African Head Charge – A Trip To Bolgatanga : Album Review

African Head Charge offer a quirky and quality product from Africa, Ghana to London and back again, with a side order of High Wycombe’s finest.

Release date: 7th July 2023

Label: On-U Sound

Format: CD / Vinyl / Digital

African Head Charge

Hmm, I wonder whether a relative novice to the discreet charms of Bonjo Iyabinghi Noah is quite the best person to review, this, his latest release as African Head Charge, after a 12 year fallow period, even if he is re-uniting into his spiritual home of Adrian Sherwood’s On-U Sound enterprise, about which I can broach no bad. Well, if the first track raised that fear, it then swiftly bedded as the rest unfolded.

So, I like my dub, but know little about Noah, a percussionist by instrument, a hand drummer to be more specific. At the helm of this revolving door collective, it has, at times, included such luminaries as Nick Plytas and Jah Wobble, as well as most of the On-U stable of regulars. Unsurprisingly, backing musicians here are mainly built up from the latter, with Skip McDonald (aka Little Axe), Ghetto Priest (Asian Dub Foundation) and Doug Wimbish (Living Colour) all to hand. So you can expect, and get, masterful musicianship, but, it being Sherwood’s show, the main instrument is the studio, with a broad battering ram of dubtronica percolating headily throughout. Indeed, and appropriately enough, the single other instrumentation that sticks out is the steady metronome of the hand drums, providing a hypnotic ballast to the bleep and booster FX elsewhere about.

That first track? Bad Attitude opens with the sweet sound of kologo, a West African lute, and the spoken intonation: “Yah, man, a bad attitude is like a flat tyre, you can’t go anywhere with it“, before some gruff and growly vocalising. Clearly the sentiment is unarguable, and, I imagine, one wouldn’t either argue with the singer, King Ayisoba, who hails from the same neck of the woods as Noah now makes his home, Ghana. An essentially tribal chant, it is a counter-intuitive opener, even if some delay and echo creep in, toward the end. Suitably swerved, Accra Electronica is just the sort of ‘psychedelic Africa’ that Brian Eno was seeking, as he inspired Sherwood and Noah to deliver said goods, all those years ago.
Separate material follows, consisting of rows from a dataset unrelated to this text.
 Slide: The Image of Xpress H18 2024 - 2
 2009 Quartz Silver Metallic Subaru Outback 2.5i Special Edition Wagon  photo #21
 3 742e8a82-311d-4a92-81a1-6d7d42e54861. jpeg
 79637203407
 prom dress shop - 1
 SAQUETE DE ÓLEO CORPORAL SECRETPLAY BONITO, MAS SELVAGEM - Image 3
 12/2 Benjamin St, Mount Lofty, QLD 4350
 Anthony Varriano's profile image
Some almost township horns pair with an electro disco beat and clipped guitars, hand drum a bubbling constant. Clarinet breaks through the ranks over a quasi-reggae beat and it is entirely delicious, and entirely what these ears were expecting and hoping for. Push Me Pull You then begins with some jungle background, spooky drums and wailing flute, that clarinet again, and the hint of something wicked this way coming. Loping bass and upfades of clattering percussion make this prime dub central, burst of this and breaks of that clipping in, out and around. A sucker for this sort of thing, I am, um, sucked, as it goes nowhere, marvellously.
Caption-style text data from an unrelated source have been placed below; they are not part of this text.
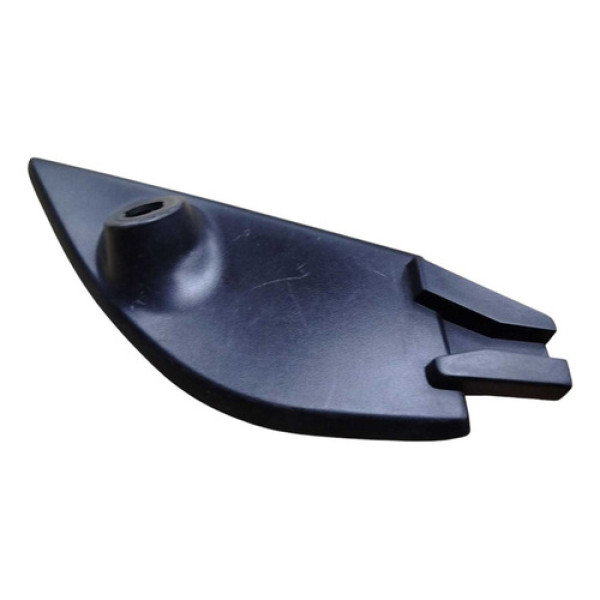 Acabamento Interno Retrovisor Gol G5 2009 2010 Direito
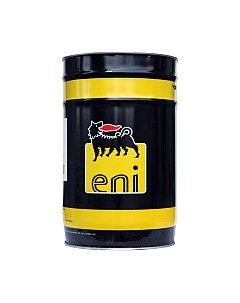 Моторное масло Eni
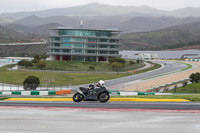 march-2017;motorbikes;no-limits;peter-wileman-photography;portimao;portugal;trackday-digital-images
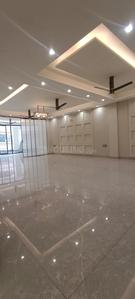 Project Image of 1270.0 - 2750.0 Sq.ft 3 BHK Builder Floor for buy in Magic Ultra Luxurious Floors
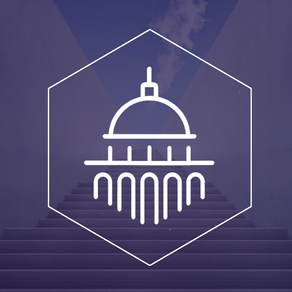 A 7th Aspiration for the Grand Bargain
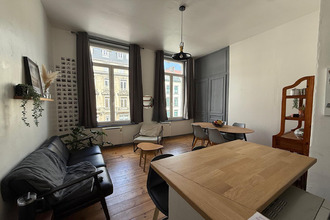location appartement lille 59000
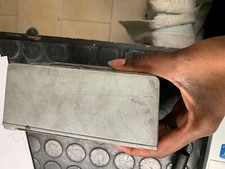 RIPARAZIONE CENTRALINA MOTORE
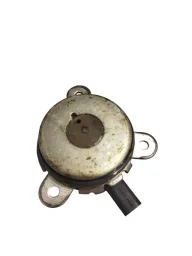 SENSOR COMANDO VALVULA SOLENOIDE FORD KA 1.0 2015 2021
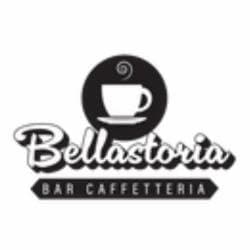 Bellastoria bar caffetteria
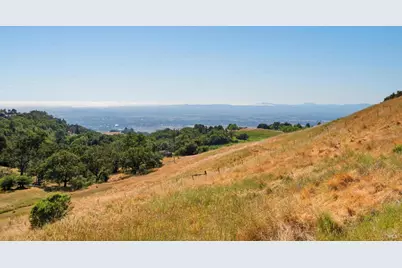 6960 Round Oak Road, Penngrove, CA 94951 - Photo 53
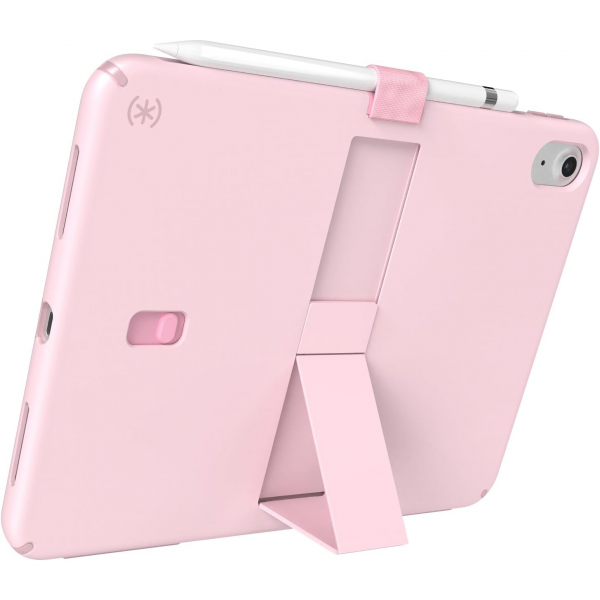 Speck Apple iPad Uyumlu Balance Folio Klf (10.9 in)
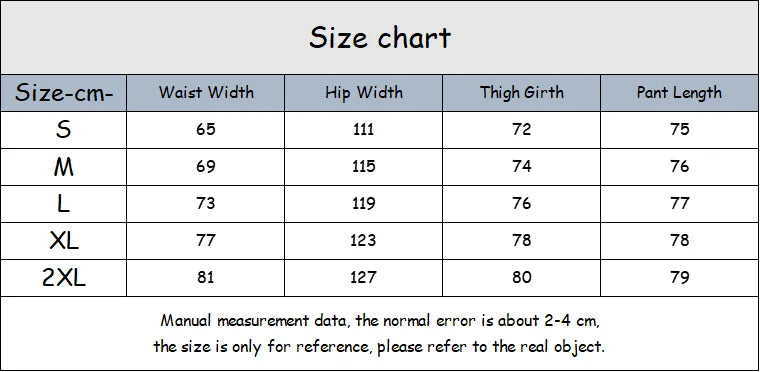 Vintage Streetwear Wide Leg Denim Shorts: Y2K Fashion Loose Knee-Length Pants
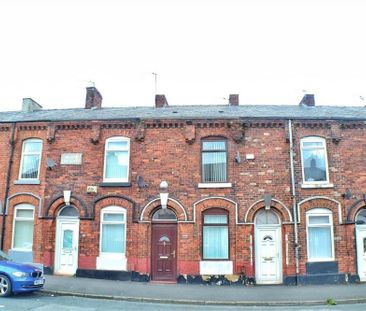 2 bedroom house to rent - Photo 1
Crashing percussion, worthy of Massive Attack, introduces I Chant Too, a vocal howl over doomy synthetic swathes of atmosphere. Of course, it splits and splinters asunder, each adjunct getting a turn in the spotlight, the whole drawing you in, further and deeper, deeper and further. It all feels quite voodoo. Or should that be Vodun? Asalatua brings back some discernible vocal presence, building swiftly into a repetitive chant, the contrast provided by the chattering drums, anchored with a gradually emerging techno thump, squelches and squirls to sugar the pill. What is lost in melody is immaterial, just go with the flow. Passing Clouds now evokes the big band brass of a James Bond theme, if in a suitably battle ska-ed JA version. This is the sort of thing dub was made to do, and done it is, very well.

I’m A Winner could be Osibisa all over, if through a prism, and is a joyous percussion led chant, until, that is some vocal distortions and the repeated toast, of the song’s name, the odd auto-tune effect creeping in here and there. A single waiting to hit a parallel universe. The title track brings back the acoustic Ghanaian instrumentation, matched with some cocktail jazz keyboards. and some cheesy sax honking, the disparate parts forming a holy union. The hand drums and slinky suboceanic bass together hold the edges from fraying. When the horns all come in together, it is almost a religious experience. Never Regret A Day has more of the King’s unselfconscious/self-promoting style of vocal, and is slimmer fare than the surrounding material; dare I say a weak point, detracting slightly? Closer, Microdosing clearly gives away the game even before it unfolds, but actually delivers a sturdy mix of marimbas, drums and more drums, as a reggae rhythm slides into view, with extended organ chords and solitary chops of guitar. Revving into the second half with stuttering flourishes, the trip is delivering its, sorry, head charge, there being no other or better way of describing it, as it splutters to a flickering blind exit. I don’t do psychedelics but if I did, and all that.

Yeah, so quite something and quite a ride, which, apart fom gifting the need to follow up the back catalogue, offers a fine taster and a fine introduction to the eccentric melange of styles and influences. Polyrhythmic outernational sounds, they say. And they’re right.